Writing the function as $$ f(x,y,z,u) = \frac{xyz}{1-z+xyz}(1-x)(1-y)(1-u), $$ we have a product of four terms all strictly less than $1$. Therefore $f(x,y,z,u) < 1$ for all $x,y,z,u\in(0,1)$.

To show that $1$ is the supremum, we need to show we can get arbitrarily close to it. The product form above suggests making $x, y, u$ close to $0$ and $z$ close to $1$. So we consider $$ f(x,y,1-w,u) = \frac{(1-x)(1-y)(1-u)}{1 + \frac{w}{xy(1-w)}} > 1 - \left[x+y+u+\frac{w}{xy(1-w)}\right] $$ The term in brackets can be made arbitrarily small through suitable choice of $x,y,u,w\in (0,1)$, so $1$ is indeed the supremum.

Answer 2

Here

$$ f(x,y,z,u)=\frac{x(1-x)y(1-y)z(1-u)}{1-(1-xy)z} = g(x,y,z)(1-u) $$

now as $g(x,y,z)\ge 0$ we have that $u=0$. Considering now $\epsilon> 0$, $0\lt z+\epsilon\lt 1$ we have

$$ g(x,y,z+\epsilon) =\frac{x(1-x)y(1-y)z}{1-(1-xy)(z+\epsilon)}+\frac{x(1-x)y(1-y)\epsilon}{1-(1-xy)(z+\epsilon)}\gt \frac{x(1-x)y(1-y)z}{1-(1-xy)z} $$

because

$$ \frac{x(1-x)y(1-y)z}{1-(1-xy)(z+\epsilon)}\gt \frac{x(1-x)y(1-y)z}{1-(1-xy)z} $$

so the supremum is attained at

$$ \sup f(x,y,z,u) = \lim_{\cases{x(z)\to 0\\ y(z)\to 0\\ z\to 1}}f(x,y,z,0)=1 $$

NOTE

To determine a possible path $x(z),y(z)$ we follow with the problem

$$ \max_{s}u(s,z) = \frac{s^2(1-s)^2z}{1-(1-s^2)z},\ \ \ (\text{here}\ \ s=x=y) $$

now from $u'(s,z) = 0$ and solving a cubic we got a real root as

$$ s(z) = \frac{\sqrt[3]{2} \left(\sqrt{3} \sqrt{(1-z)^2 z^3 (32-5 z)}+9 (1-z) z^2\right)^{2/3}-4 \sqrt[3]{3} (1-z) z}{6^{2/3} z \sqrt[3]{\sqrt{3} \sqrt{(1-z)^2 z^3 (32-5 z)}+9 (1-z) z^2}} $$

Follows a plot for $s(z), \ 0 < z < 1$

and also for $u(s(z),z), \ \ 0 < z < 1$

Answer 3

Due to symmetry we can take $x=y$ (Still trying to find a better justification) and as eyeballfrog commented $u\rightarrow 0$ gives supremum.
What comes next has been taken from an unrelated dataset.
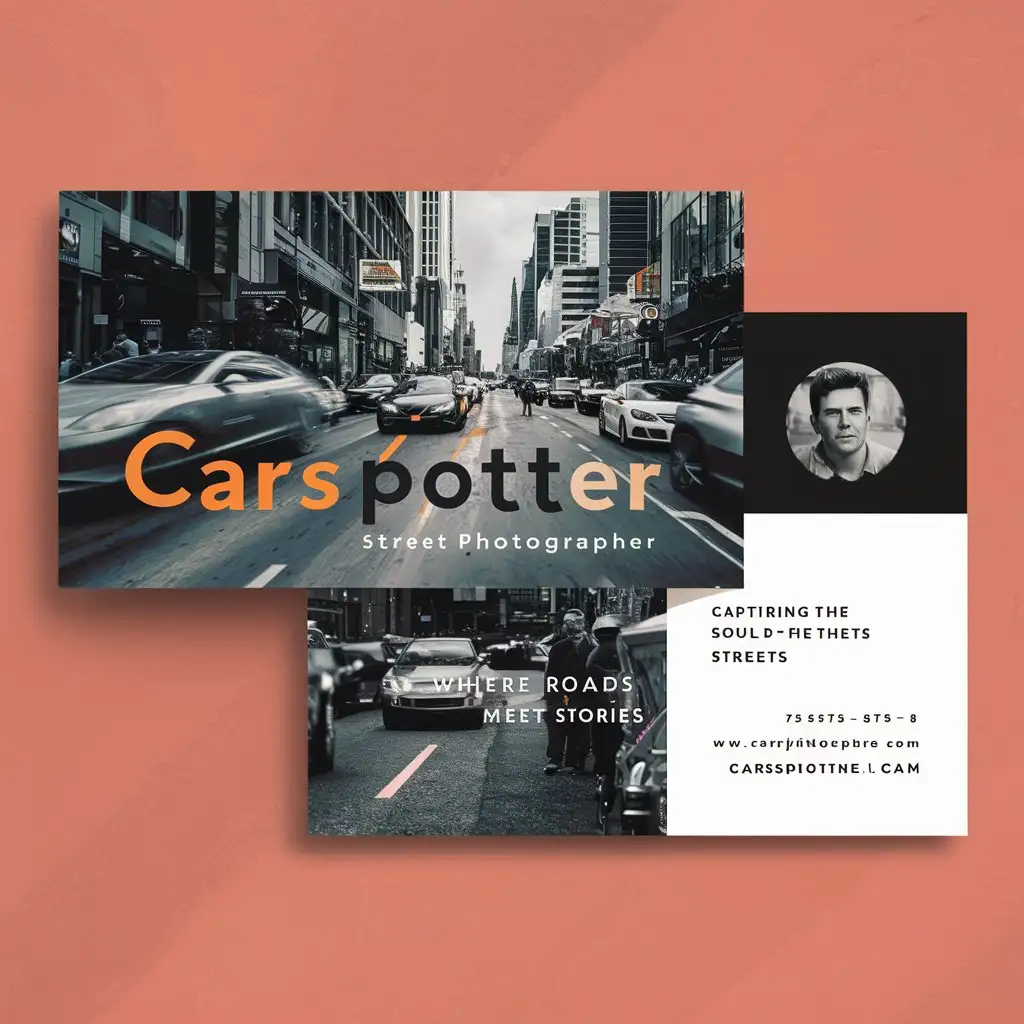 create a business card for a carspotter street photographer, the back and front should be visible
Hence, we consider the function $f(x,z)=\frac{x^2(1-x)^2z}{1-(1-x^2)z}$ on $D=(0,1)×(0,1)$. Assume that $f(x,z)>1$. Then,$z>\frac{1}{1-x^2(1-(1-x)^2)}>1$ when $0<x<1$. Therefore, $\sup_D f(x,z)=1$, achived by $x\rightarrow 0$, $z\rightarrow 1$.

Answer 4

Previous version of this question was deleted and only today I found this one. May be this is not complete answer, but let me bring here some calculation in hope, they will be useful: First derivatives are: $$\begin{cases}\dfrac{\partial \:}{\partial \:x}\left(\dfrac{x\left(1-x\right)y\left(1-y\right)z\left(1-u\right)}{1-\left(1-xy\right)z}\right)=\dfrac{yz\left(-x^2yz+2xz-2x-z+1\right)\left(1-y\right)\left(1-u\right)}{\left(1-z\left(1-xy\right)\right)^2}\\ \dfrac{\partial \:}{\partial \:y}\left(\dfrac{x\left(1-x\right)y\left(1-y\right)z\left(1-u\right)}{1-\left(1-xy\right)z}\right)=\dfrac{xz\left(-xy^2z+2yz-2y-z+1\right)\left(1-x\right)\left(1-u\right)}{\left(1-z\left(1-xy\right)\right)^2}\\ \dfrac{\partial \:}{\partial \:z}\left(\dfrac{x\left(1-x\right)y\left(1-y\right)z\left(1-u\right)}{1-\left(1-xy\right)z}\right)=\dfrac{xy\left(1-x\right)\left(1-y\right)\left(1-u\right)}{\left(1-z\left(1-xy\right)\right)^2}\\ \dfrac{\partial \:}{\partial \:u}\left(\dfrac{x\left(1-x\right)y\left(1-y\right)z\left(1-u\right)}{1-\left(1-xy\right)z}\right)=-\dfrac{xyz\left(1-x\right)\left(1-y\right)}{1-z\left(1-xy\right)}\\ \end{cases}$$ From last two lines is obvious, that extremum cannot be inside $(0,1)^4$.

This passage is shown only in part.